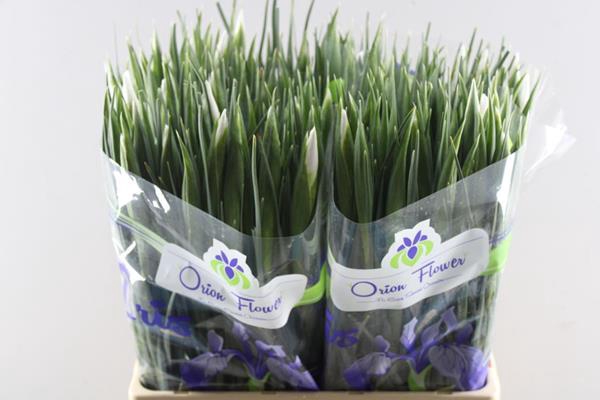 <h4>Iris Casablanca</h4>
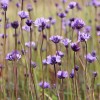 Bulbi Dichelostemma Congestum
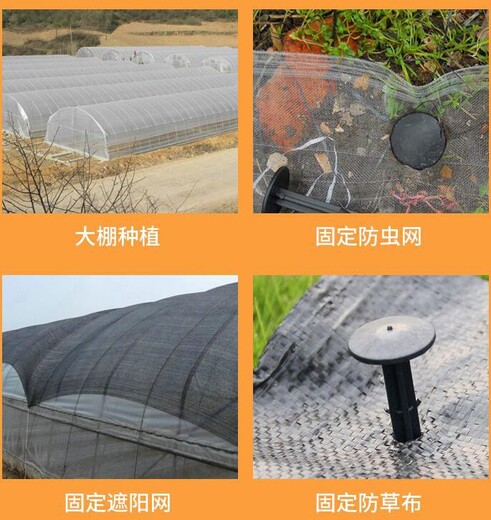 淄博塑料地钉注塑机设备厂家塑料地布钉生产设备报价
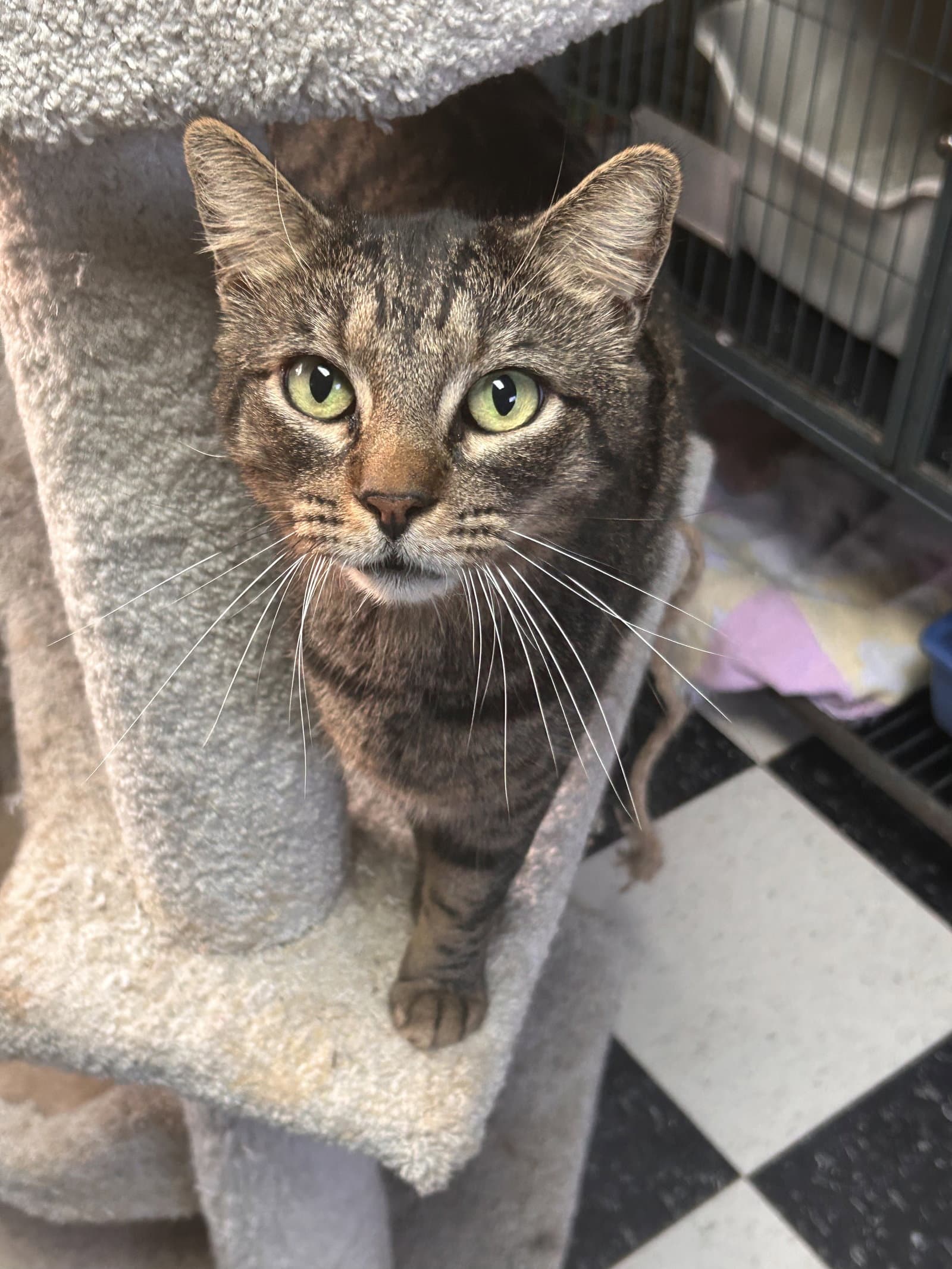 Toast Cchs - Tabby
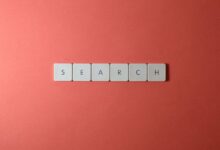 registry search references four ids listed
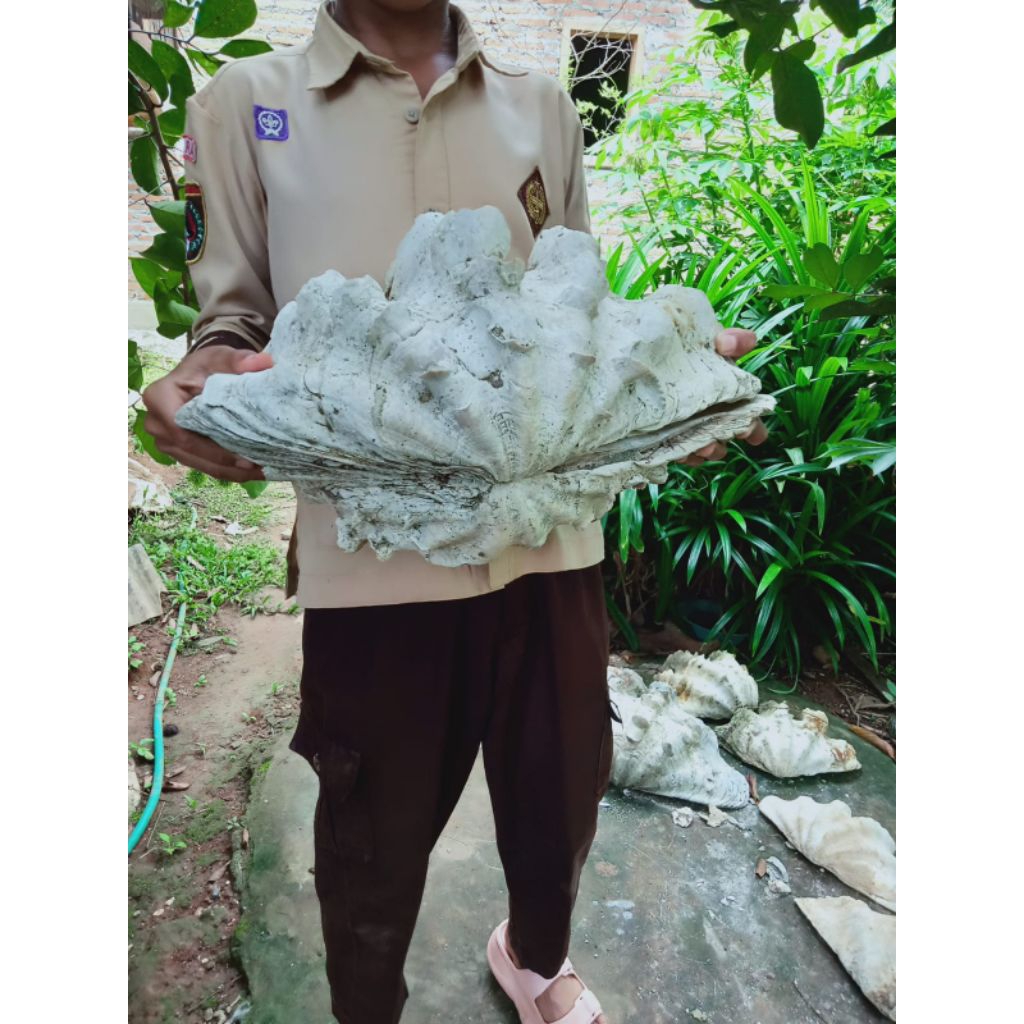 cangkang kerang laut Jinny super jumbo setangkup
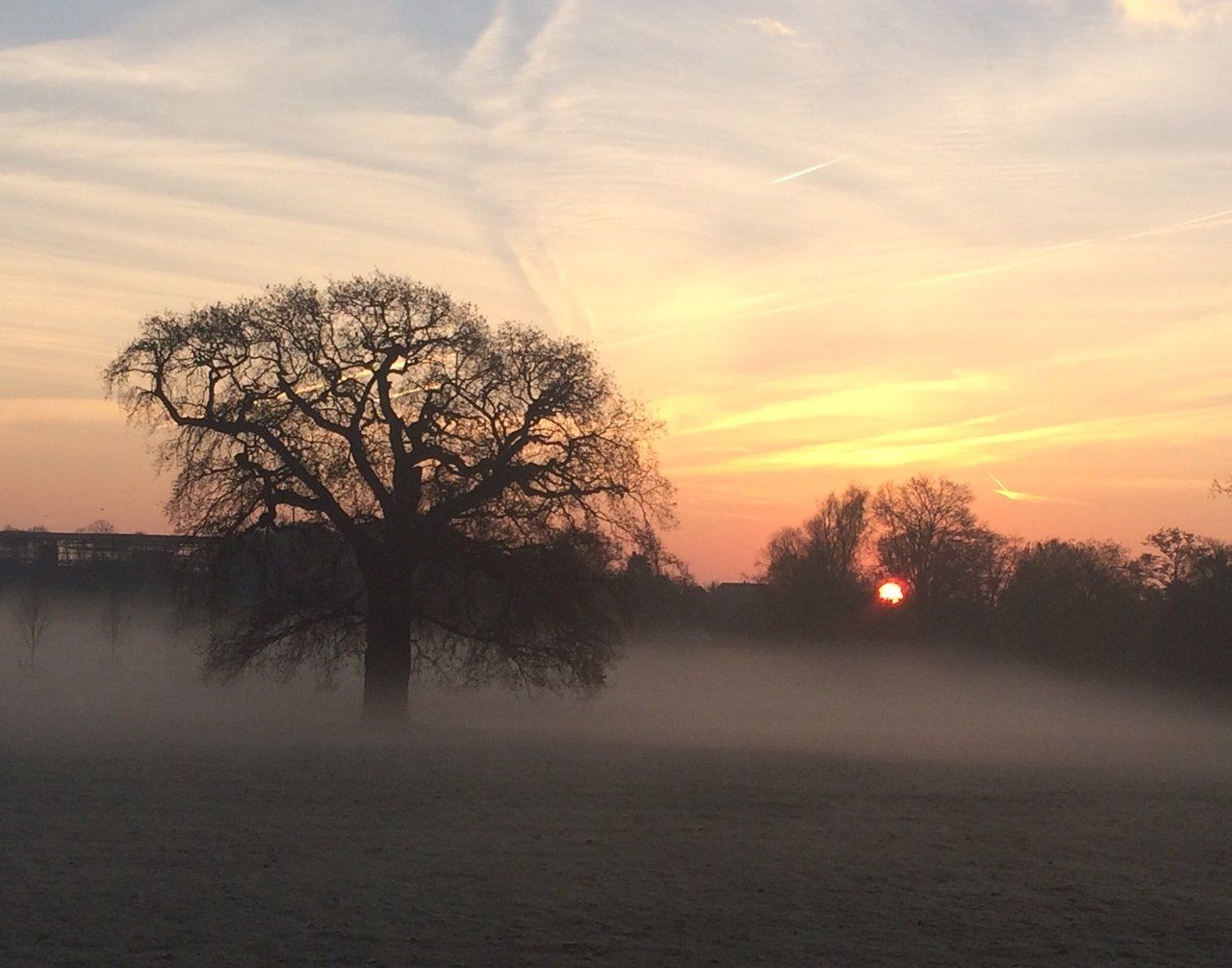 The sun is setting behind a tree in a foggy field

____

* Work to be completed *
No image belongs in the copy. Transcribe the full listing verbatim.

* Written solution *
 <h4>Iris Casablanca</h4>
 Bulbi Dichelostemma Congestum
 淄博塑料地钉注塑机设备厂家塑料地布钉生产设备报价
 Toast Cchs - Tabby
 registry search references four ids listed
 cangkang kerang laut Jinny super jumbo setangkup
 The sun is setting behind a tree in a foggy field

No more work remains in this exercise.